И только когда сторож в ливрее, проходя мимо, скажет: «Mesdames, музей закрывают», они встают и медленно уходят, обновленные, смирившиеся, благодарные. Ах, что бы ни ждало впереди: крушение надежд, измена, потеря иллюзий, болезнь и смерть – все равно! Благословенна жизнь за то, что в ней есть такие минуты!

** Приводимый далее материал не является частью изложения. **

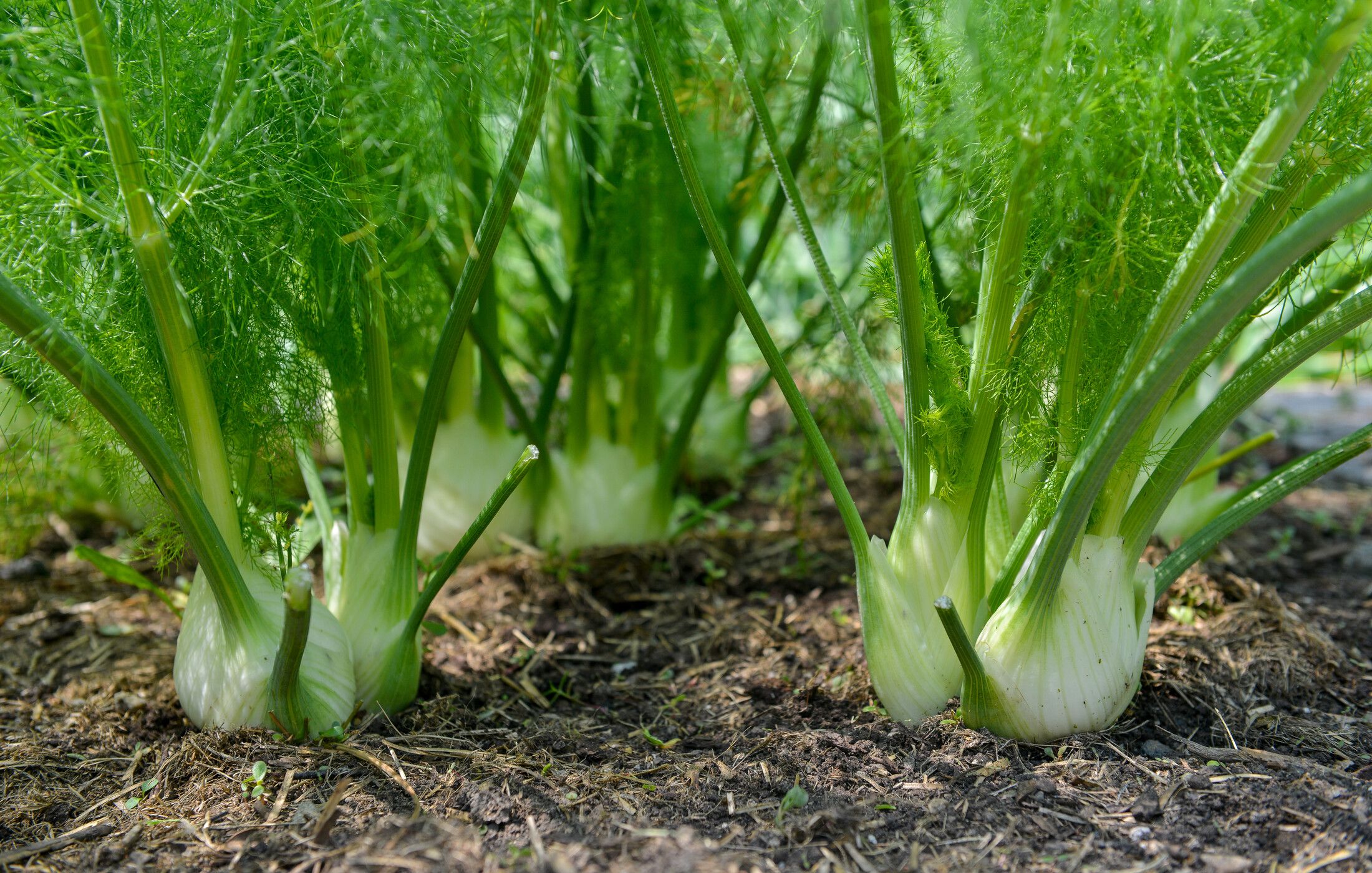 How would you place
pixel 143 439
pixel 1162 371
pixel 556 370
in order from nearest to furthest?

– Иза, – говорит Маня, стоя в крошечном сквере, под башней Сен-Жермен л'Окзерруа, – посидим здесь! Я не могу сейчас идти домой. Я ничего уже не люблю в такие минуты. И никого. Понимаешь? Надо, чтобы душа сошла вниз с высокой башни. Ах, как много ступенек надо ей пройти, чтоб опять почувствовать землю!

Бьет одиннадцать часов. Катя открывает глаза.

Она одна в комнате, на широкой двуспальной кровати. Николеньки нет. Где он? Вот досада! Она проспала. Гости разъехались так поздно.

Эта комната лучшая во всем старом флигеле. И Катя любит в ней каждую вещицу. Влюбленными глазами глядит она на пиджак мужа, перекинутый на спинку стула, на его галстук, брошенный у туалетного стола, на его штиблеты, вот тут, на коврике. Расцеловала бы, кажется, все.

Она закрывает глаза и блаженно улыбается. Ах, эта ночь!

Вот уже пятый месяц, как они женаты, а она влюблена без памяти, как в первый день, О нет! Сильнее. Теперь вся жизнь ее в нем, в его близости, в его ласке. Как могла она думать, что ей будет скучно в деревне, рядом с ним? Просыпаться утром и глядеть тихонечко в его лицо, пока он спит, ловить трепет его век. Потом с криком блаженства обвить руками его шею.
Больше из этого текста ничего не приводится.